Would you transcribe exactly the lines from the beginning of the records below through the line with "#AsheshFoundSona", both included, omitting the pictures?

──────── Input data ────────

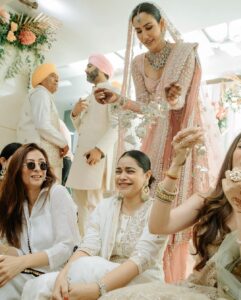 Sumona Chakravarti Instagram - A week of full of infinite love & happiness 💕🧿
So happy for u Butter chicken @asheshlsajnani @sonnalliseygall 🥰

Whattay a reunion this was with so many wonderful people… 💃🏻

@karanvgrover aisa lag raha hai humne look test diya hai, bas cast kar de koi 😂 

#AsheshFoundSona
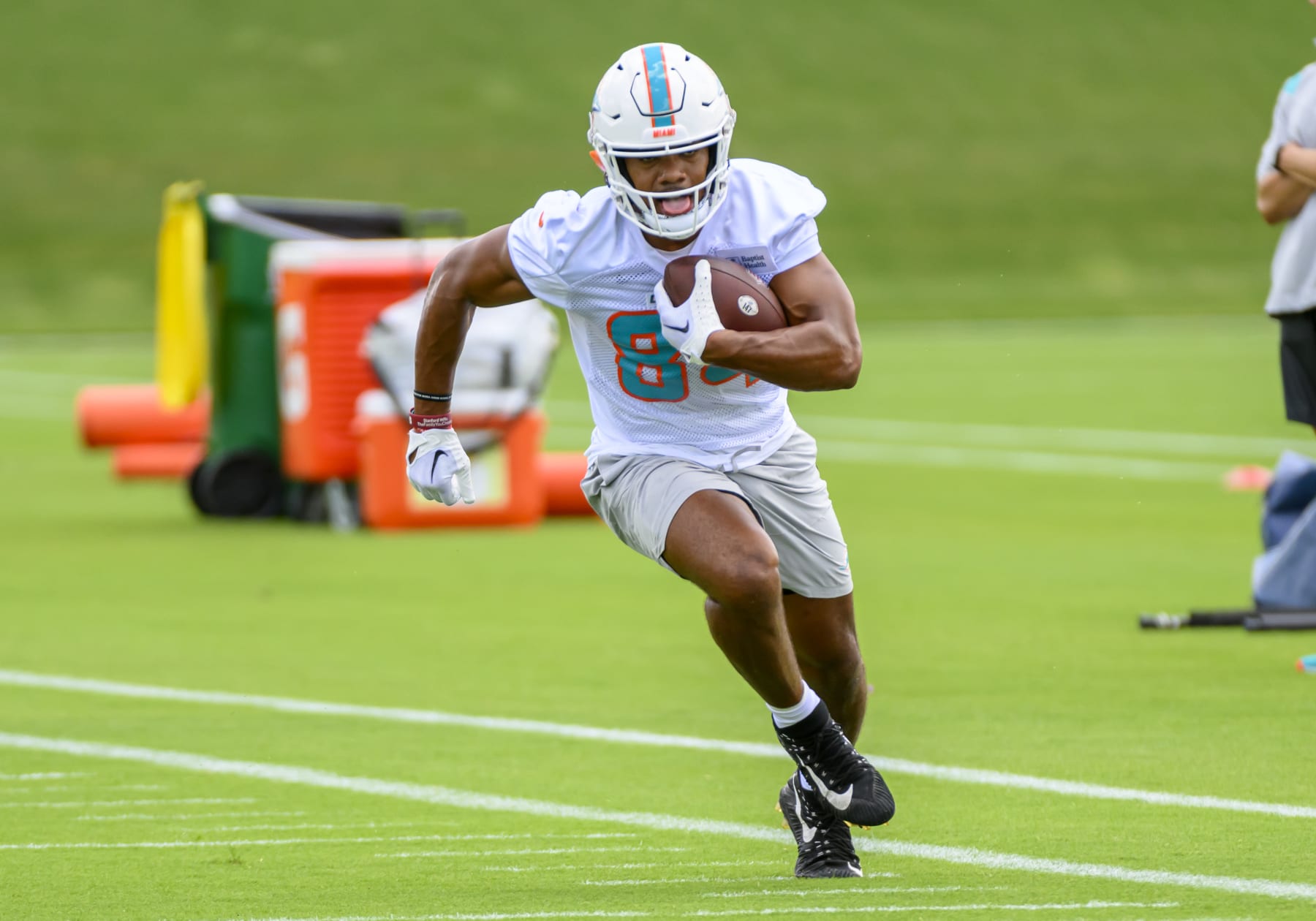 MIAMI GARDENS, FL - MAY 12: Miami Dolphins tight end Elijah Higgins (84) runs on the field during the rookie minicamp at the Baptist Health Training Complex on May 12, 2023 in Miami Gardens, Florida. (Photo by Doug Murray/Icon Sportswire via Getty Images)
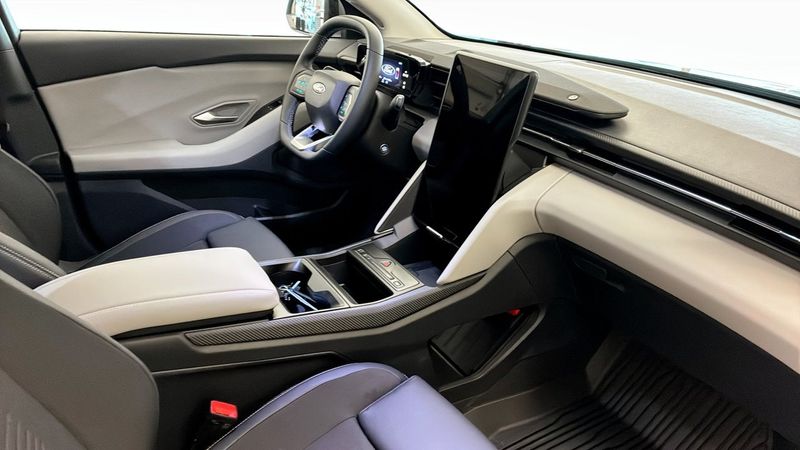 Ford Explorer bild 3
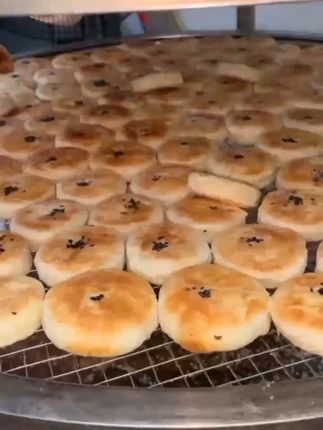 一口咬下满满的童年回忆,酥皮绿豆饼带你回味经典滋味! 香喷喷刚出炉的绿豆饼来了嘿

────────

» **Answer**:
 Sumona Chakravarti Instagram - A week of full of infinite love & happiness 💕🧿
So happy for u Butter chicken @asheshlsajnani @sonnalliseygall 🥰

Whattay a reunion this was with so many wonderful people… 💃🏻

@karanvgrover aisa lag raha hai humne look test diya hai, bas cast kar de koi 😂 

#AsheshFoundSona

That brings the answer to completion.